Today I am looking at why I consider Lloyds Banking Group (LSE: LLOY) (NYSE: LYG.US) to be an exciting income selection.
Dividends expected to charge forth
Undoubtedly, Lloyds Banking Group is a very different institution to the bloated entity hollowed out by the 2008/2009 banking crisis. Indeed, the result of lower impairments, effective cost-cutting and surging activity on the UK high street allowed the firm to move back into the black for the first time in years during January-March, when the firm punched a pre-tax profit of £1.4bn.
As a result the resurgent bank is due to conduct discussions with the regulator in coming months over restarting dividend payments, a scenario which experts believe will yield fruitful results from this year onwards.
Indeed, Shore Capital points towards a maiden dividend of 1.5p per share during the second half of 2014, with the bank anticipated to build the full-year payout to a sturdy 3.5p in 2015. This projected hike drives the yield from 2% for 2014 to 4.6% for next year — by comparison, the entire banking sector carries a forward yield of just 2.9%.
And analysts at Exane BNP Paribas are even more bullish about the firm’s dividend prospects next year, and expect the bank to shell out a terrific 5p per share payment. This projection creates a mind-boggling 6.8% dividend yield.
Broker consensus also suggests that prospective payments during the medium term are well protected by solid earnings growth. According to Shore Capital, Lloyds is anticipated to generate earnings of 7.3p and 8.3p per share in 2014 and 2015 correspondingly, figures which create dividend cover of 4.9 and 2.4 times prospective earnings. Any reading above 2 is widely considered very decent security.
Unlike many in the banking sector, Lloyds does not have to worry about the state of its capital reserves, a critical issue for dividend growth. The institution currently boasts a core tier 1 capital ratio around 10.7%, up from 10.3% as of the turn of the year, and is in great shape to keep this sailing comfortably above regulatory requirements.
And investor confidence should be buoyed further by the firm’s successful flotation of TSB Banking Group last month.
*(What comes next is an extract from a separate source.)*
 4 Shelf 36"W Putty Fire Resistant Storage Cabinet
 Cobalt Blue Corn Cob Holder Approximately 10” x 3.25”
Surging demand for the newly-listed entity prompted Lloyds to sell 35% of its stake, ahead of its initially-planned 25% holding and which in turn bolstered the bank’s coffers by an additional £455m.
Although Lloyds is still to receive formal approval to resume paying dividends, I believe that this authorisation is a mere formality given the company’s epic turnaround, and that investors can look forward to bumper payouts sooner rather than later.